Google gives no matches whatsoever for “quadratic narrative style,”3 and this hypothesis—more precisely, that Pynchon’s major novels are structured by conic sections, at a rate of roughly one per book—sheds no light on the deeper import of his writing. Just as with an “obvious” proof in mathematics, however, once you’ve seen the thesis, it’s impossible to stop seeing it.
This “insight” came to me instead of a solution to another puzzle that had been troubling me since I started reading Against the Day in the spring of 2008. The prominence of mathematics in this book is exceptional even for Pynchon.

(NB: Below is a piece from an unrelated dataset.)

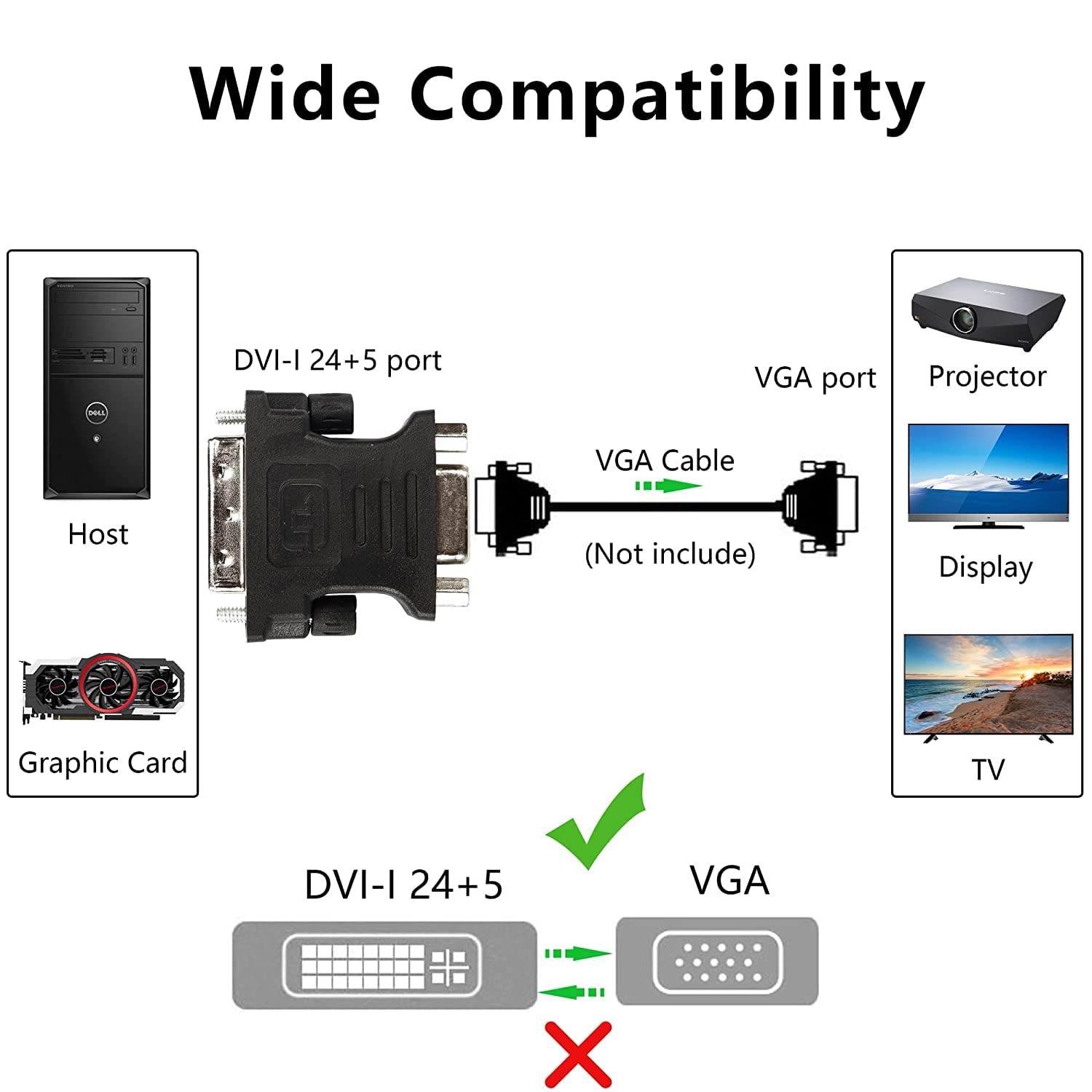 CABLEPELADO Adaptador DVI a VGA | Adaptador de Tarjeta gráfica | DVI-I 24+5 Macho a VGA Hembra | 1080P Full HD | Apto para Tarjeta gráfica de vídeo para PC HDTV proyector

Two of the main characters are at least part-time mathematicians; Hilbert, Minkowski, and Gibbs make cameo appearances; several chapters are set in the Göttingen mathematics department; and among Pynchon’s signature silly ditties there is this romantic number:
Likely isn’t Cantor
Nor is she apt to murmur low
Axioms of Zermelo,
She’s been kissed by geniuses,
Amateur Frobeniuses
One by one in swank array,
Bright as any Poincaré …
and so on in that vein.
It was when I came upon the word automorphic on page 409,
Earth making its automorphic way round the sun again and yet again …,
that I began to wonder what was going on—and then on pages 452 and 453, there it was again:
periodic functions, and their generalized form, automorphic functions
as a prelude to a scholarly discussion of time travel:
Time no longer ‘passes,’ with a linear velocity, but ‘returns,’ with an angular one. All is ruled by the Automorphic Dispensation. We are returned to ourselves eternally, or, if you like, timelessly.
Between the two mentions of automorphic is a scene reminiscent of Odysseus’ voyage to the river Styx, in which one of the Chums of Chance crosses a recognizably non-Euclidean landscape:
… the more “respectable” parts of town … at each step were receding, it strangely seemed, disproportionately farther as the young men went on.
The puzzle was: did all this technical and, for the most part, legitimate mathematics serve as mere atmospheric accompaniment to the turn of the century’s hesitant exploration of the relations between time, space, and light? So that reviewers could write, with Luc Sante in the New York Review of Books:
My own eyelids drooped when the subject was mathematics, for example, but that is something I am profoundly ignorant about …
and still feel qualified to shower the book with unstinting praise? Or, for that matter, to write, like Louis Menand in The New Yorker:
I can’t do the math, but I think that the idea behind “Against the Day” is something like this … [continuing with an elaboration of what I just wrote above],
but concluding in disappointment that “Pynchon must have set out to make his readers dizzy and, in the process, become a little dizzy himself.”4
Or was all this mathematics there for a reason integral to the structure of the book, inaccessible, perhaps by design, to “profoundly ignorant” reviewers who “can’t do the math”? Perhaps I was missing a cryptic message intended expressly for people on familiar terms with the word “automorphic,” for participants in the Langlands program—for people exactly like me, in other words….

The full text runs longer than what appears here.